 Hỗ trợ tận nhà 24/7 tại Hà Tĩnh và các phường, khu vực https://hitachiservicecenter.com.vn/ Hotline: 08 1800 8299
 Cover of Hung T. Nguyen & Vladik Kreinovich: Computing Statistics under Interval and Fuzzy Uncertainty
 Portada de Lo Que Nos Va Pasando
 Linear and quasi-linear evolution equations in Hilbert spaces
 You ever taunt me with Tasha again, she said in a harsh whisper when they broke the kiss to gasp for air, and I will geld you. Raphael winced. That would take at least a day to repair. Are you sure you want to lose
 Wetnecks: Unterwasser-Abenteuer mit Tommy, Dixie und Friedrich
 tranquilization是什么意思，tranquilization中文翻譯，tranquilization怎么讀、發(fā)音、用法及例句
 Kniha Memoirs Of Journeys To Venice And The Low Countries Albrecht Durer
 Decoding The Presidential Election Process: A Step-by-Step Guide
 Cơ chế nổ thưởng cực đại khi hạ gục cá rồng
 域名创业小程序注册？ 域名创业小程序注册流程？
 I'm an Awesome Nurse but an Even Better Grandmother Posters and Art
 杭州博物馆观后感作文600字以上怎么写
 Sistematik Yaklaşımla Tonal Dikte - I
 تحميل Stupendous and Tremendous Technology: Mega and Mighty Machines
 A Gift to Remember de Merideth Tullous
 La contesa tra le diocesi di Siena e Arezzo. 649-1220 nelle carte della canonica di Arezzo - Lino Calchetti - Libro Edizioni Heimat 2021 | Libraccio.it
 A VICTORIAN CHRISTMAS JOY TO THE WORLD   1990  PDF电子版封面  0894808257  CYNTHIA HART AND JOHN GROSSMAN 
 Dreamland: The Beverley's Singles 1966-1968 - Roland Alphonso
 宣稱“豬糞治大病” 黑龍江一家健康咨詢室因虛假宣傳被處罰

···

Reproduce the full listing above, character for character.

Response for this exercise
 Hỗ trợ tận nhà 24/7 tại Hà Tĩnh và các phường, khu vực https://hitachiservicecenter.com.vn/ Hotline: 08 1800 8299
 Cover of Hung T. Nguyen & Vladik Kreinovich: Computing Statistics under Interval and Fuzzy Uncertainty
 Portada de Lo Que Nos Va Pasando
 Linear and quasi-linear evolution equations in Hilbert spaces
 You ever taunt me with Tasha again, she said in a harsh whisper when they broke the kiss to gasp for air, and I will geld you. Raphael winced. That would take at least a day to repair. Are you sure you want to lose
 Wetnecks: Unterwasser-Abenteuer mit Tommy, Dixie und Friedrich
 tranquilization是什么意思，tranquilization中文翻譯，tranquilization怎么讀、發(fā)音、用法及例句
 Kniha Memoirs Of Journeys To Venice And The Low Countries Albrecht Durer
 Decoding The Presidential Election Process: A Step-by-Step Guide
 Cơ chế nổ thưởng cực đại khi hạ gục cá rồng
 域名创业小程序注册？ 域名创业小程序注册流程？
 I'm an Awesome Nurse but an Even Better Grandmother Posters and Art
 杭州博物馆观后感作文600字以上怎么写
 Sistematik Yaklaşımla Tonal Dikte - I
 تحميل Stupendous and Tremendous Technology: Mega and Mighty Machines
 A Gift to Remember de Merideth Tullous
 La contesa tra le diocesi di Siena e Arezzo. 649-1220 nelle carte della canonica di Arezzo - Lino Calchetti - Libro Edizioni Heimat 2021 | Libraccio.it
 A VICTORIAN CHRISTMAS JOY TO THE WORLD   1990  PDF电子版封面  0894808257  CYNTHIA HART AND JOHN GROSSMAN 
 Dreamland: The Beverley's Singles 1966-1968 - Roland Alphonso
 宣稱“豬糞治大病” 黑龍江一家健康咨詢室因虛假宣傳被處罰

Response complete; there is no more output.